The whole listing, pictures aside, should be reproduced exactly.

[Start of section]

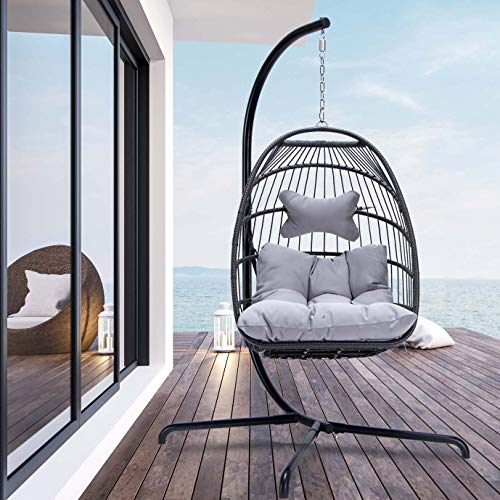 NICESOUL Indoor Outdoor Patio Wicker Hanging Chair Swing Hammock Egg Chairs UV Resistant Cushions with Aluminum Frame 350lbs Capaticy for Patio Bedroom Balcony (Grey)
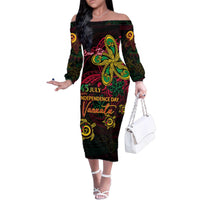 Custom Vanuatu 45th Independence Anniversary Family Matching Off The Shoulder Long Sleeve Dress and Hawaiian Shirt Flower Melanesian Namele Turtle - Polynesian Pride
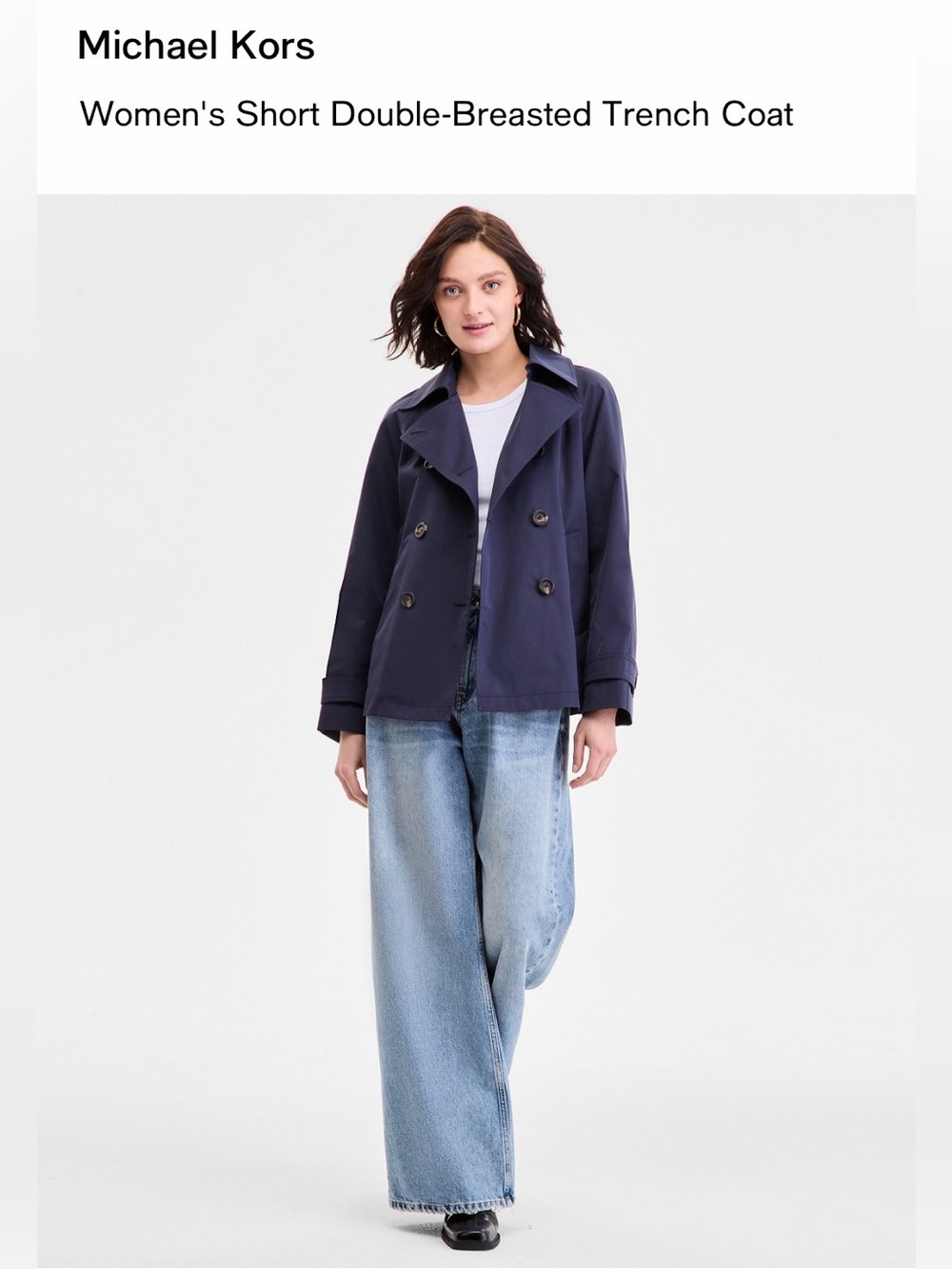 Michael Kors Navy Short Double-Breasted Trench Coat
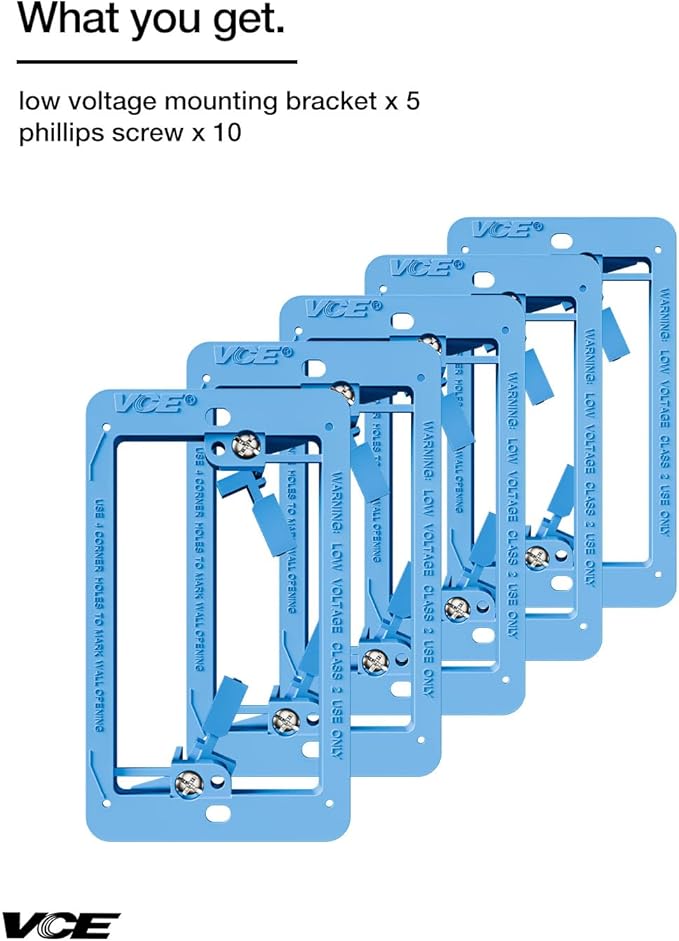 VCE Low Voltage Mounting Bracket Single Gang Wall Plate, Flush Low Voltage Box - Image 8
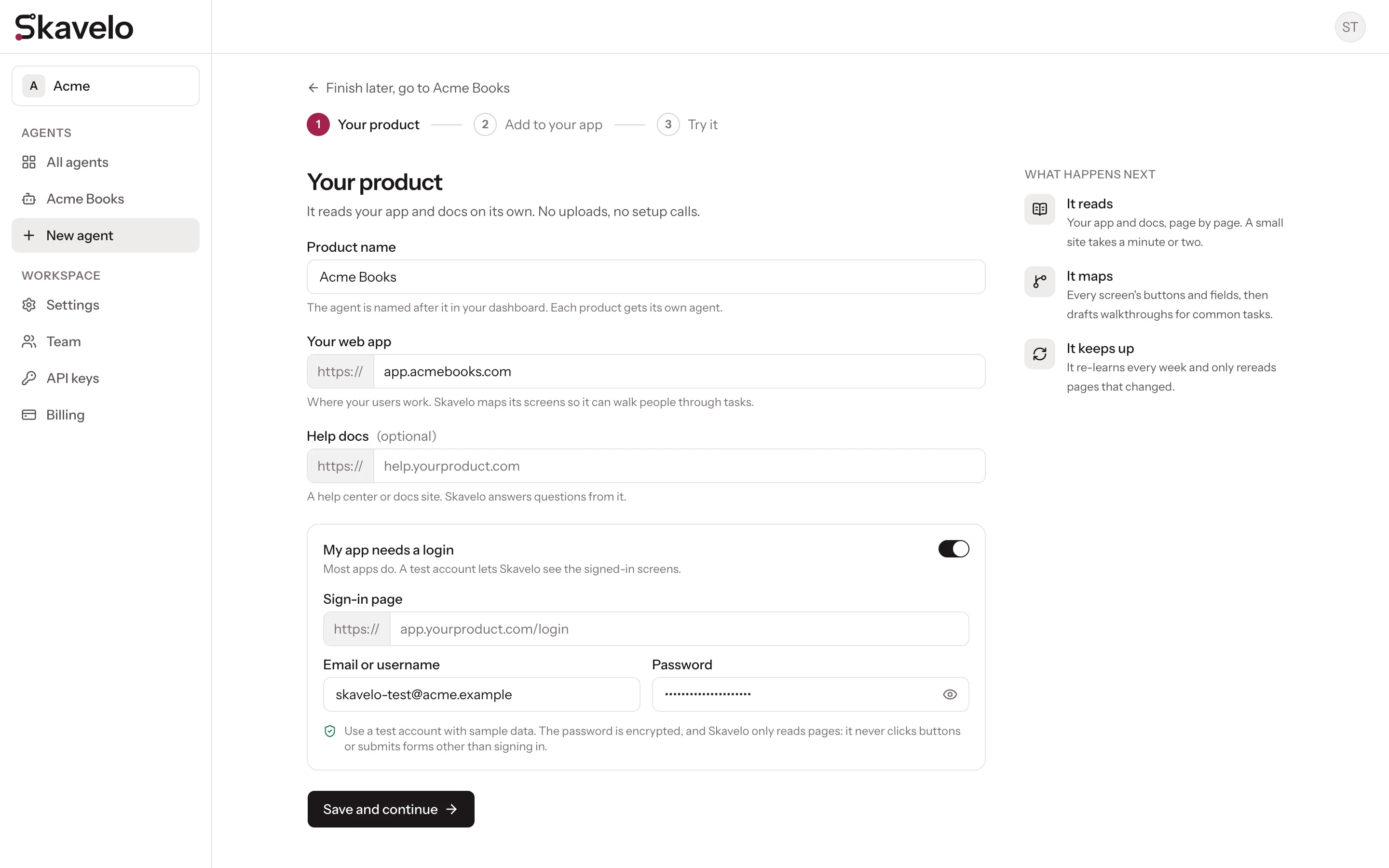 The Your product step of setup, with the product name, web app address and test account fields filled in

[End of section]

**Reply:**
 NICESOUL Indoor Outdoor Patio Wicker Hanging Chair Swing Hammock Egg Chairs UV Resistant Cushions with Aluminum Frame 350lbs Capaticy for Patio Bedroom Balcony (Grey)
 Custom Vanuatu 45th Independence Anniversary Family Matching Off The Shoulder Long Sleeve Dress and Hawaiian Shirt Flower Melanesian Namele Turtle - Polynesian Pride
 Michael Kors Navy Short Double-Breasted Trench Coat
 VCE Low Voltage Mounting Bracket Single Gang Wall Plate, Flush Low Voltage Box - Image 8
 The Your product step of setup, with the product name, web app address and test account fields filled in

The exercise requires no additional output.